Given material:
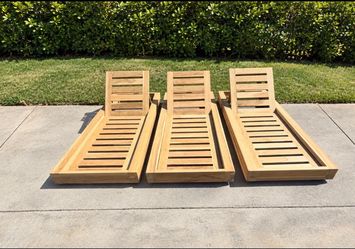 Restoration Hardware – 3 Teak Chaise Lounges – Professionally Refinished – Delivery Available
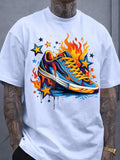 1PC Fashionable Anime Print Round-Neck Short-Sleeve Shirt, Unisex, Loose Casual Fit, Breathable And Comfortable, Suitable for All Seasons, Perfect for Daily Wear And Gatherings with Friends, Machine Washable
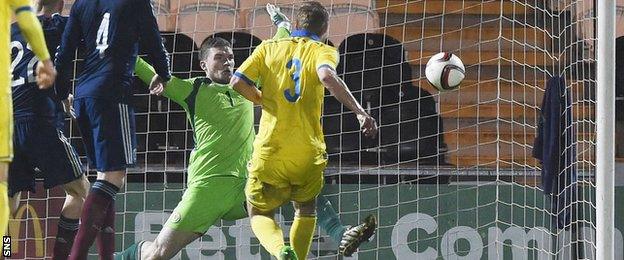 Oleksandr Svatok scores for Ukraine Under-21s against Scotland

Exercise prompt: The whole listing should be retyped word for word; none of its pictures belong in the copy.

Answer box:
 Restoration Hardware – 3 Teak Chaise Lounges – Professionally Refinished – Delivery Available
 1PC Fashionable Anime Print Round-Neck Short-Sleeve Shirt, Unisex, Loose Casual Fit, Breathable And Comfortable, Suitable for All Seasons, Perfect for Daily Wear And Gatherings with Friends, Machine Washable
 Oleksandr Svatok scores for Ukraine Under-21s against Scotland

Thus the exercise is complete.